In what is described as, “the quickest bankruptcy adjustment in U.S. history,” Central Falls, Rhode Island has reached an agreement to exit from bankruptcy with a plan that will fully repay bondholders (including any legal fees incurred), while slashing worker pensions by as much as 55 percent. None of Central Falls’ workers will get less than $10,000 and all will have to contribute 20 percent more for their health care until they are 65 and eligible for Medicare, according to Bloomberg News. The agreement was reached when the state promised to help supplement retiree pensions for five years.

Bondholders will be repaid via higher municipal taxes, or a four percent increase in property taxes each year for the next five years. No one escapes unscathed, except the bondholders, which is attributable to the fact that Rhode Island passed a law explicitly protecting them from municipal default last year. The bondholder protection law appears to have the intended effect with Moody’s promising to increase Central Falls’ credit rating.

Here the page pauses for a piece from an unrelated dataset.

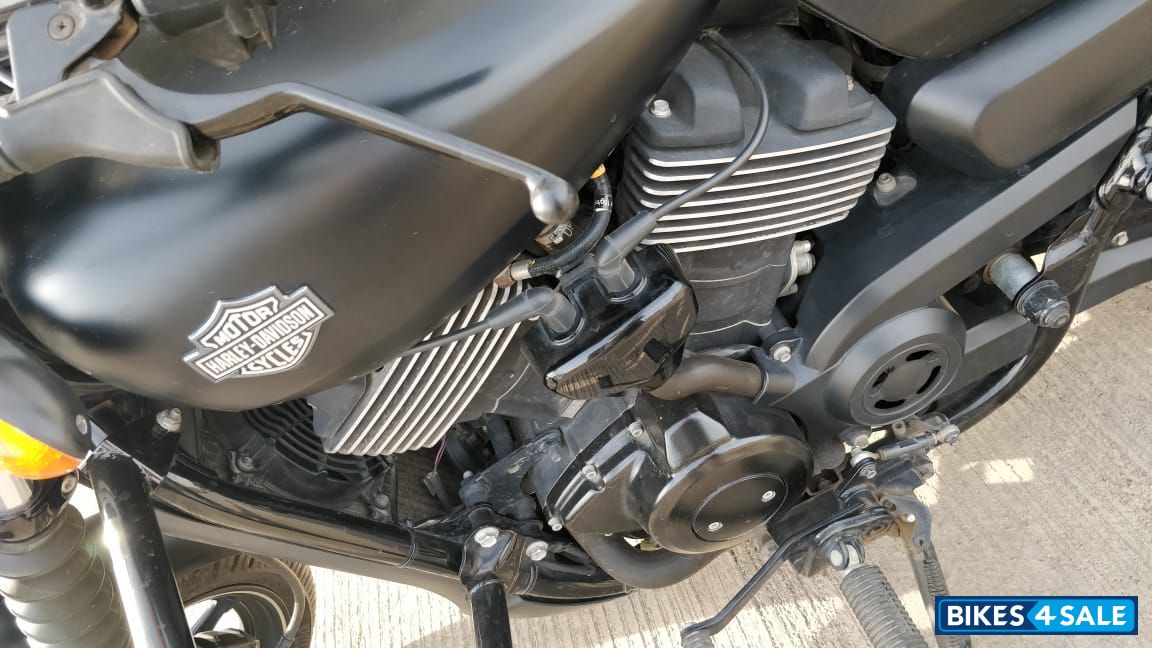 Black Harley Davidson Street 750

Retirees are understandably upset but it’s important that the cause for plan underfunding be properly diagnosed. Accounting distortions rooted in risky discount rates are to blame. Central Falls’ Police and Fire Plan was deeply underfunded based on numbers that underestimated the liability. That is the lesson to be learned and the inescapable problem facing many other jurisdictions with defined benefit plans in the US. It is in the best interest of governments to accurately calculate their unfunded liabilities with reference to a risk-free discount rate and come up with a plan today. Waiting and gambling on a future market boom doesn’t do retirees any favors.

September 10, 2012

Fort Lauderdale issues a Pension Obligation Bond and adds to its debts

To fully fund its city pensions the City Council of Fort Lauderdale has voted to issue a $340 million pension bond. One problem with this plan is the city’s pension plans are underfunded to a far larger extent than the accounting recognizes. I calculate, using their 2011 CAFR, that while Fort Lauderdale’s two pension systems report an $388 million unfunded liability when using a risk-free discount rate, the total unfunded liability is closer to $1.7 billion.

In that year, both the General Employees’ plan and the Police and Fire Plan used a discount rate of 7.75 percent to calculate their liabilities. Today the 15-year Treasury bond is close to 2 percent. Thus, the source for great difference between the two unfunded liability calculations.

The rationale for issuing the POB is that the city’s pensions will earn better than the 4 percent assumed interest rate on the bond, and thus they will capture the arbitrage benefits. But that is a bet on both the bond market and the stock market, and not a certainty.  The pensions remain valued as though they are risky and now the city has effectively put more risk on the balance sheet, all in the service of lessening the pain of rising annual contributions. The POB does not address the structural reasons for rising costs even if it gives the Council a temporary sense of budgetary relief.